Roberto Freak Antoni, frontman di una delle più importanti band italiane di fine anni Settanta, gli Skiantos. Cosa le ha trasmesso questo originale personaggio bolognese, purtroppo scomparso cinque anni fa?
«Freak è stato per me una sorta di padre spirituale. Uno di quei famosi “maestri invisibili”, che poi rimangono: Freak ancora oggi è sul palco, insieme a me. Ci siamo conosciuti ancor prima che esistesse il Barresi Project, quando seguivo un altro progetto musicale che si chiamava CHANDRA. Frequentavamo gli stessi club musicali a Bologna. Sembra assurdo, ma ci siamo incontrati bukowskianamente al bancone di un bar. Così, a parlare di musica. Siamo diventati amici. Mi ha spinto verso la svolta: io volevo provare un progetto nuovo e Freak insistette tantissimo perché ci “mettessi la faccia”. Mi aiutò a credere ancora di più in me stesso, e nelle mie capacità. E insieme scrivemmo il brano che sarebbe diventato il primo dei Barresi, Se pur non altera coscienza. Lui era il cantante degli Skiantos e aveva molti altri progetti collaterali. Era un vulcano di energia; poteva fare qualsiasi cosa un genio come quello».
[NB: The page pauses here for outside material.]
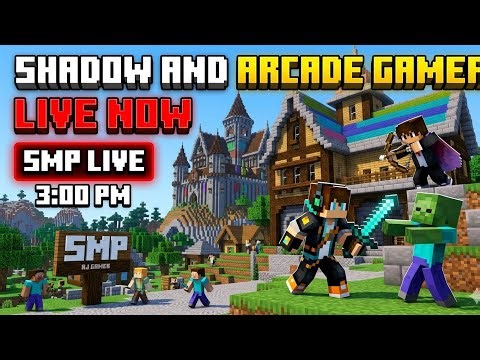 ONE DEATH SMP S3 IS LIVE JOIN NOW BY ARCADE GAMER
2010-2019. In questo lasso di tempo, Barresi Project ha prodotto due album. Lavori tutti contrassegnati da una grande ricerca musicale. Qual è il filo conduttore di questa ricerca?
«Discrasie è uscito nel 2011. Per discrasia s’intende proprio l’alterazione sviluppata dagli altri musicisti sulle mie composizioni. Una specie di ricerca verso l’esterno: una richiesta di stimoli, un “assumere” energie musicali dai miei collaboratori. DNA è il secondo disco distribuito dalla CNI in Italia e all’estero: questa volta, una ricerca nel mio interno e all’interno della mente dei musicisti che suonano con me».
“Dynamo”. Questo è il nome del terzo album, che uscirà a breve. Qualche anticipazione?
«Con Dynamo l’obiettivo sarà di creare un nuovo genere, che io individuo nel termine elethno. È l’incontro tra musica elettronica da una parte, e la ethno music, che è anche world sound. Quindi una versione postfuturistica della world music che in questo momento mi fa gola, mi dà l’input per continuare a fare dischi nuovi. Speriamo vi piaccia. Questo disco, con i due precedenti, va a chiudere una trilogia. Rappresenterà un po’ la chiusura del cerchio, la soluzione finale di quella dinamica tra discrasia esterna e dna interno: realizzeremo una dinamo appunto, un motore propulsore, una scintilla verso nuove frontiere musicali. Lascerò dire a voi quanto questa ricerca debba ancora continuare; lo lascerò dire al pubblico».
Un consiglio. Cosa vorrebbe dire a tutti quei ragazzi che sognano di fare musica per mestiere?
«Consiglio di prepararsi. La musica ti dà il dono, o non te lo dà. Non tutti possono fare musica; ma la musica è di tutti. Per essere un suo “sacerdote” devi sentire quella “vocazione”. Il primo consiglio è dunque: studiare tantissimo. Secondo: esprimetevi, fate brani originali. Terzo: valutate. Il percorso musicale è faticoso. Affrontatelo nel vero senso della parola; non pensate che la musica sia una passeggiata, come vogliono far credere i talent televisivi. Devi prepararti, devi crederci, devi fare musica originale per diventare un musicista, per sempre. La professionalità fa parte del futuro della musica».
LucidaMente si è occupata di altre realtà bolognesi legate alla world music; in variante Swing-Jazz e “romagnola”.
Le immagini: la band in azione e le copertine di Discrasie (2011) e di DNA (2013).